Vol 3 | Issue 1 | Jan-Apr 2017 | page: 20-21 | Olivia Watson, Jia (Jenny) Liu, Nevin Kollannoor Chinnan
Authors: Olivia Watson [1,2], Jia (Jenny) Liu [1,3], Nevin Kollannoor Chinnan [1,4,5]
 Department of Intensive Care, Dubbo Base Hospital, Dubbo, Australia.
 School of Rural Health, University of Sydney, Sydney, Australia
 Central Clinical School, University of Sydney, Sydney, Australia
 Department of Intensive Care, Taree, NSW, Australia
Conjoint Lecturer, University of Newcastle, NSW, Australia
Address of Correspondence
Dr. Nevin Kollannoor Chinnan
Department of Intensive Care, Dubbo Base Hospital, Dubbo, Australia.
Distinguishing epileptic seizures (ES) from non-epileptic seizures (NES) can be difficult, but is important to initiate or modify anticonvulsant treatment. In smaller hospitals where the gold standard of video EEG is unavailable, serum prolactin levels may be used as diagnostic adjuncts. We report a case with significant prolactin elevation but a diagnosis of NES on EEG and seizure semiology, and discuss the limitation of prolactin measurements to distinguish between ES and NES in a postoperative setting.
Keywords: Seizures, Non-Epileptic Seizures, Neurology.
An acute postictal serum prolactin rise has been reported as a highly specific indicator of epileptic seizures, but its utility can be affected by the clinical context. We report a case of elevated prolactin in a patient with NES, and discuss the evidence of prolactin as an adjunctive marker for the diagnosis of epilepsy.

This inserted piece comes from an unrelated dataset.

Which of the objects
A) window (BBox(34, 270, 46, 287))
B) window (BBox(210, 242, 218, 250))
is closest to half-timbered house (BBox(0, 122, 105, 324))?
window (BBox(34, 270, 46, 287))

A 30 year old Caucasian female with a background of type 1 diabetes, gastroesophageal reflux and hypertension underwent an uncomplicated intra-operative insertion of an intra-uterine device for menorrhagia management under general anaesthesia. Agents used were propofol 200mg, midazolam 3mg, fentanyl 50micro g and paracetamol 1g. In the immediate postoperative period, she had five brief episodes of tonic clonic seizure-like movements, each lasting a couple of minutes and involving all four limbs and persistent unresponsiveness to deep painful stimuli. She was intubated in the recovery area using morphine, midazolam and rocuronium, loaded with phenytoin 1 gram and transferred to intensive care. Initial investigations including blood glucose, electrolytes, septic workup, CT brain and transthoracic echocardiogram were unremarkable. Serum prolactin level 20 minutes post-seizure was 3265 mIU/L. Once sedation was turned off, she woke up and responded appropriately to verbal commands and was extubated in an hour. Overnight she had four further episodes of seizure-like activity involving predominantly the upper limbs, each lasting 30seconds to 1 minute. The limb movements were random, asymmetric and asynchronous. She had generalized seizure-like movement once the next morning involving mainly upper limbs, persistent unresponsiveness and an episode of desaturation to SpO2 85% after IV midazolam 2 mg. She was then intubated and transferred to a referral hospital for further workup including MRI and EEG. In the referral hospital, she continued to have seizure-like activity and was commenced on a midazolam infusion. MRI brain (including MRV and MRA) with seizure protocol, lumbar puncture and video EEG during seizures were unremarkable. Subsequently, she was weaned off the ventilator and extubated. Repeat observations of the seizure patterns revealed differences compared with her initial seizures, involving a crying for ‘mum’ then asymmetric, arrhythmic leg jerks with normal pupillary responses and downgoing Babinski’s postictally. As her seizure patterns differed between episodes and were inconsistent with neuroanatomical pathways (bilateral upper limb movements only, asymmetry and arrhythmicity) a diagnosis of NES was made, all anticonvulsants were stopped and she was discharged after three days. Follow-up outpatient EEG and MRI, one month later was unremarkable, there had been no further seizures, and the prolactin levels were in the normal range (310mIU/L).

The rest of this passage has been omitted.